Each good motor datasheet has some kind of curve that gives you an value for efficiency (%), torque (typically in: Ncm, Nm, mN*m) and motor current. At speed=0 the motor current is the highest (I_max) and the torque (=holding torque) is also at its highest value. The holding torque is value for the rotational force. The holding torque is achieved when applying the nominal/design voltage of your motor at stand-still (=very short period until it moves faster) and/or blocked motion (=until not blocked anymore, good for measurements). If you use a higher voltage (which is valid but might damage the motor), the holding torque will also be higher.
You can measure the holding torque, by mounting a little lever to the motor (e.g. r=10 cm=0.1m long) which the motor pushes onto e.g. a kittchen scale. The mass m (in Kilograms, e.g. m=34g=0.034kg) measured by the scale can then be used to calculate the force, which is F = m * g, where gis the earth gravity constant (approx. 9.81 m/s²). Then you can multiply the length of your lever by the measured force, you'll get the torque: M = F * r = m * g * r = 0.034kg * 9.81 m/s² * 0.1m = 0,033 Nm ... where "Nm" means "Newton-Meters" or if you use the lever length in cm it is: M = 0.034kg * 9.81 m/s² * 10cm = 3,33 Ncm (Newton-Centi-Meters).

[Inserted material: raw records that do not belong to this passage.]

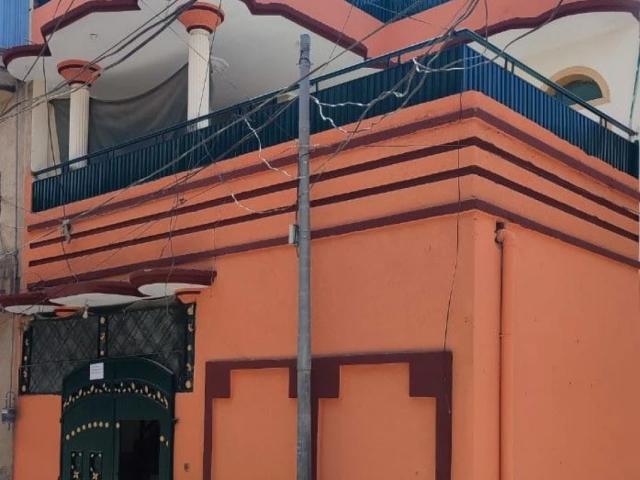 House for rent in تحصیل پشاور شہر, پشاور ڈویژن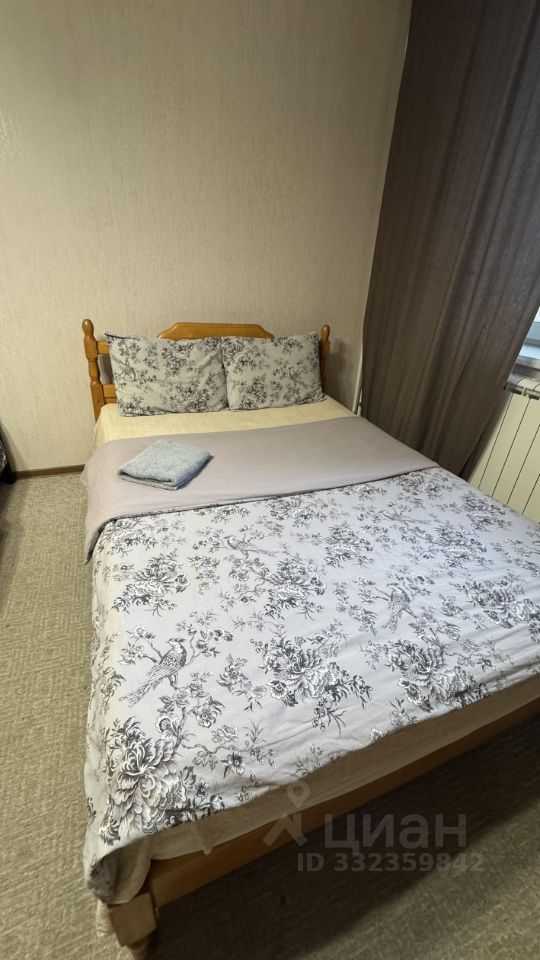 3-комнатная квартира, 90 м² — фотография 2
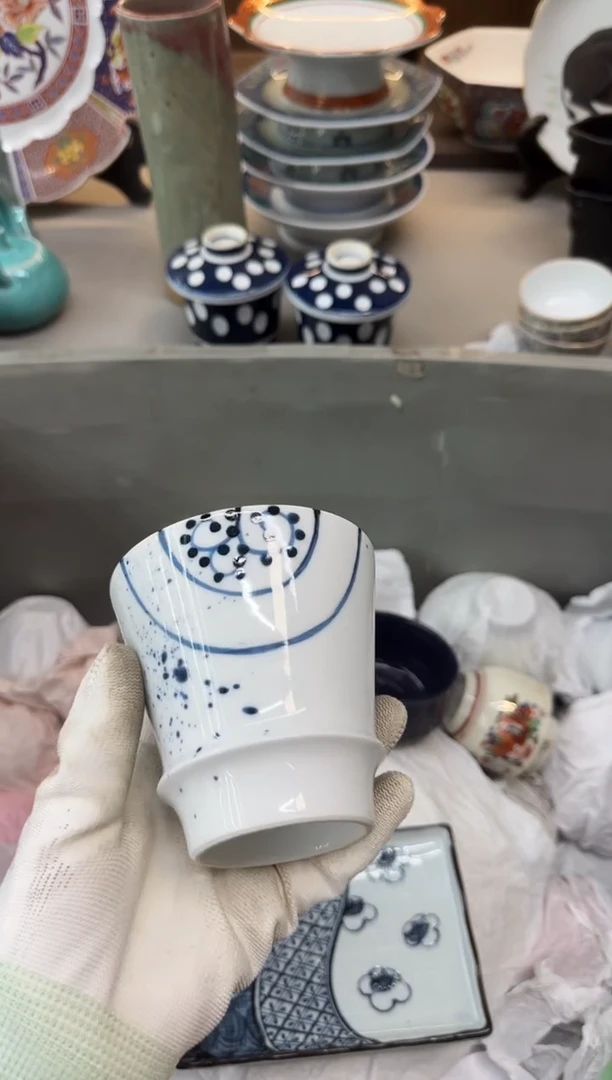 茶盏S****️瓷器瓷器瓷器瓷器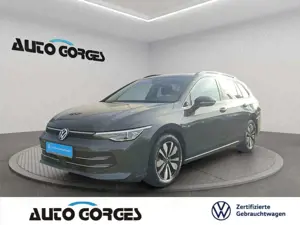 Volkswagen Golf Variant GOAL 2.0 TDI DSG +AHK+AREA VIEW+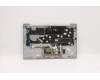 Lenovo 5CB1C13423 COVER Upper C82LM PL_SILD FP BLKB_USI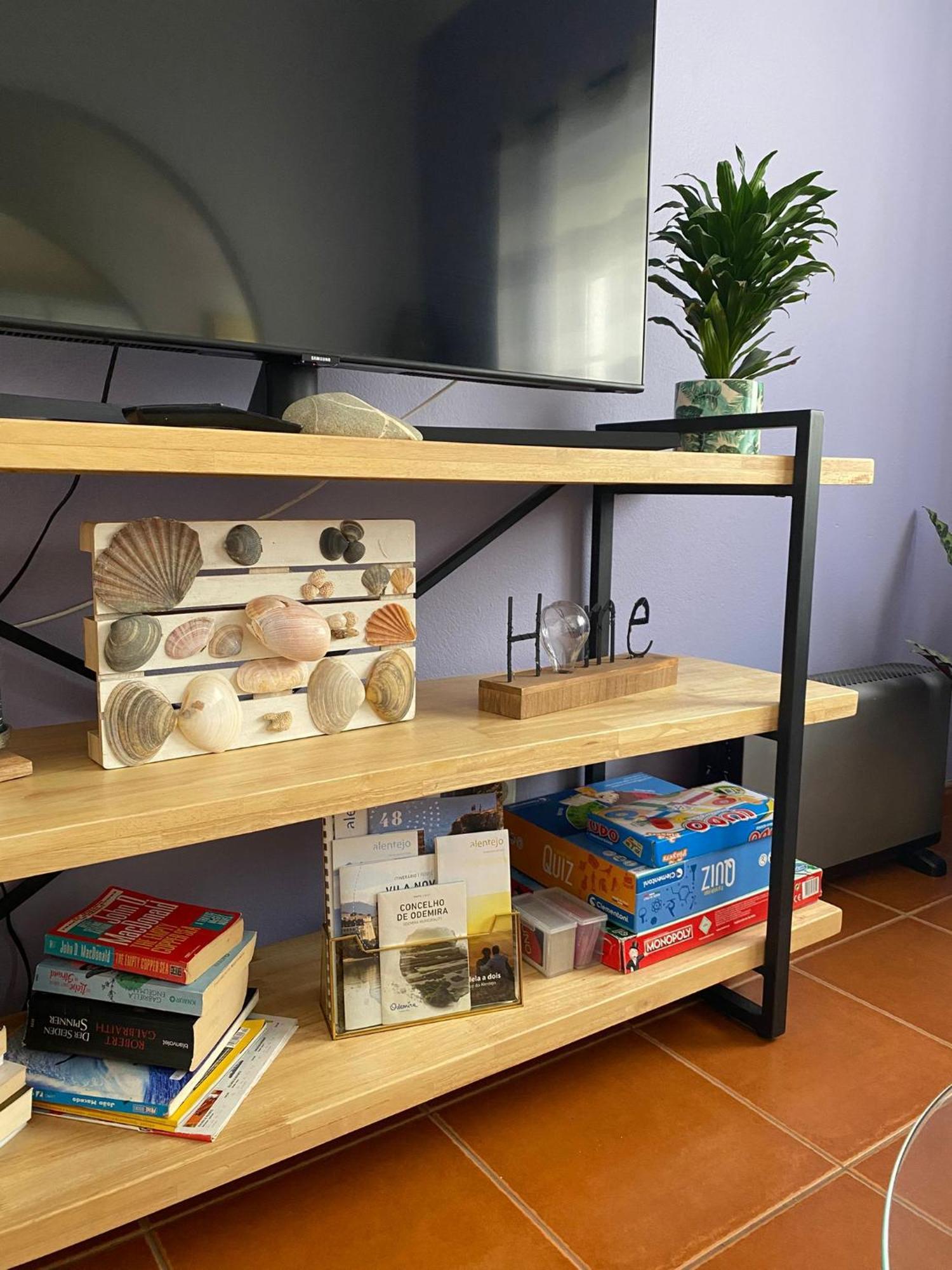 Apartamento Vicentino Vila Nova de Milfontes Luaran gambar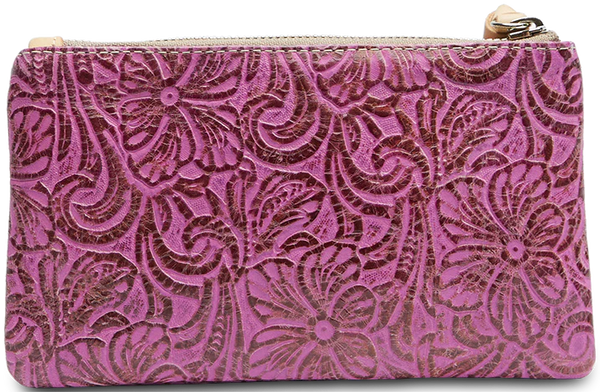 Consuela Mena Slim Wallet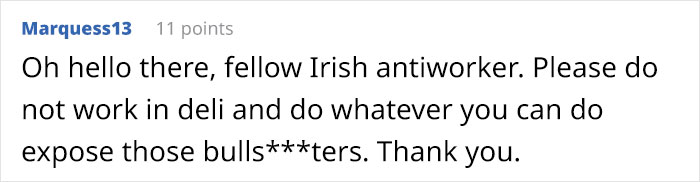 Prospective Employee Came To A Job Interview Just To Find Out The Company Lied About The Job Location And Salary In The Listing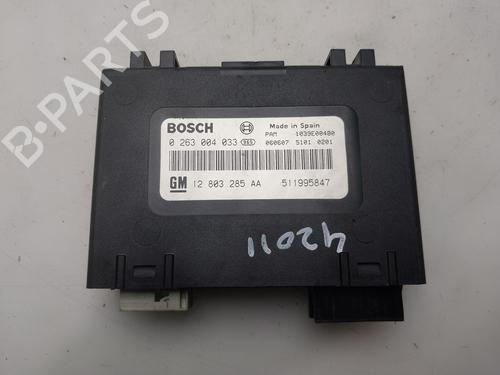 Used Electronic module Electronic module 37068776 37068776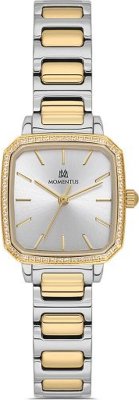 Momentus SS398T-02SG Saat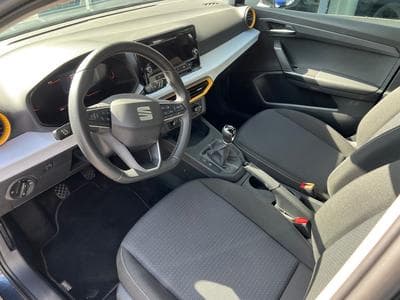 Seat Ibiza Style 1.0 Eco TSI 115ch BM6 (2024) - Photo 4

Mechanical systems usually need to overcome the stiction first, which usually depends on the mass of it which pushes it onto a surface and the materials used. You might have noticed that your smartphone will not slide downward an slightly inclined surface... the gravitational force is not strong enough yet. But, if you push it a bit, it will overcome stiction ("sticking to the surface") and will slide on its own. As said, how strong the stiction is depends on the material of the thing... e.g. rubber on wood has an higher stiction than flat plastic on flat glass.
The force to overcome Stictions can be calculated by the formula: Fs = mu * Fg, were mu is the constant for the materials and Fg is the force that pushes the thing to the surface. In a simple case this can be Fg = m * g, where m is the mass that is to be moved and g = 9.81 m/s² (earth gravity constant) again.
The needed torque depends on the mechanical system. In a simple case you just mount some wheels on the motor. Then the radius (half of the diameter) of your wheels are r. And your needed torque to overcome stiction will then be Ms = Fs * r. If you use larger wheels you need a higher torque. If you use gears you can also influence the needed torque (in both directions), but you'll decrease the efficiency of the system and - at the same time - introduce a now stiction torque of the gears (which might or might be significant).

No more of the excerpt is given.